---- MATERIAL TO PROCESS

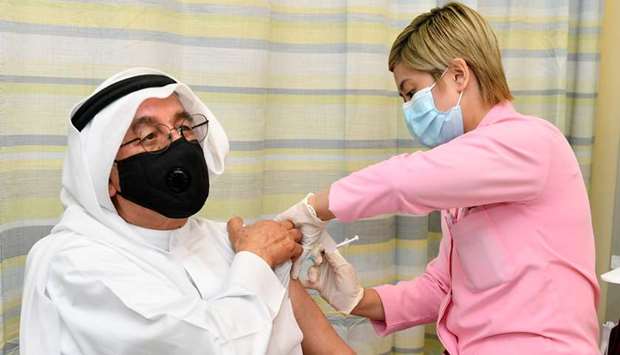 Dr Abdulla al-Kubaisi, a 79-year-old Qatari citizen and a former president of Qatar University, receiving the second dose. PICTURE: Ram Chand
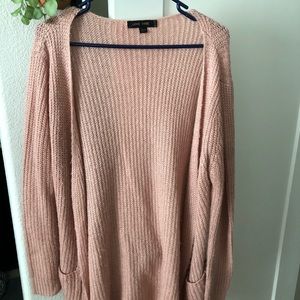 Long pink cardigan, rarely worn!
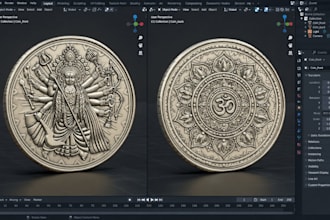 create realistic 3d coin models, custom coins and medallions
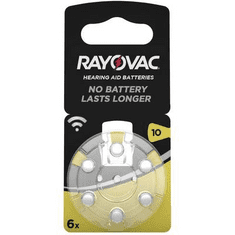 Rayovac ZA10 hallókészülék elem, cink-levegő, 1,4V, 105 mAh, 6 db, ZA10, PR70 (PR70)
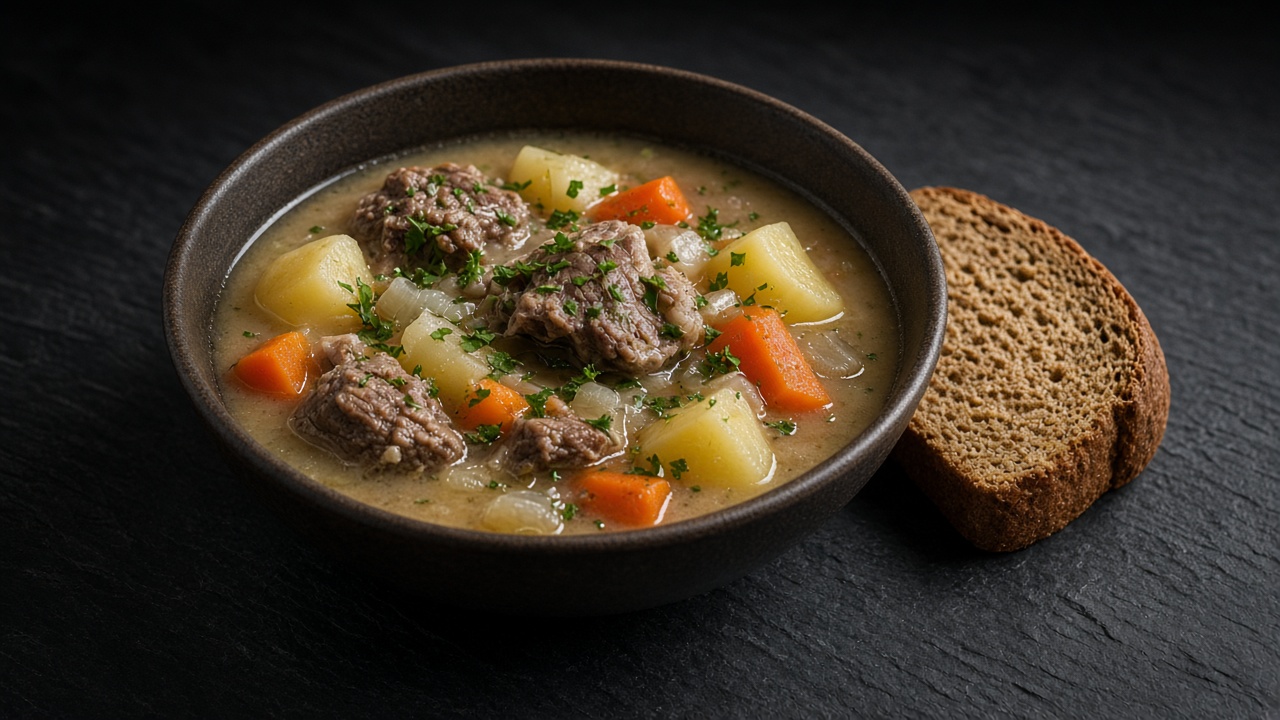 Bowl of lamb stew with potatoes and carrots in a light broth, topped with parsley, with brown bread.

--------

▸ REQUIRED ACTION
Where a line contains "Rayovac ZA10 hallókészülék", begin there and transcribe every line through the last one of the records above, exactly and with no pictures.

▸ SOLUTION TO THIS TASK
 Rayovac ZA10 hallókészülék elem, cink-levegő, 1,4V, 105 mAh, 6 db, ZA10, PR70 (PR70)
 Bowl of lamb stew with potatoes and carrots in a light broth, topped with parsley, with brown bread.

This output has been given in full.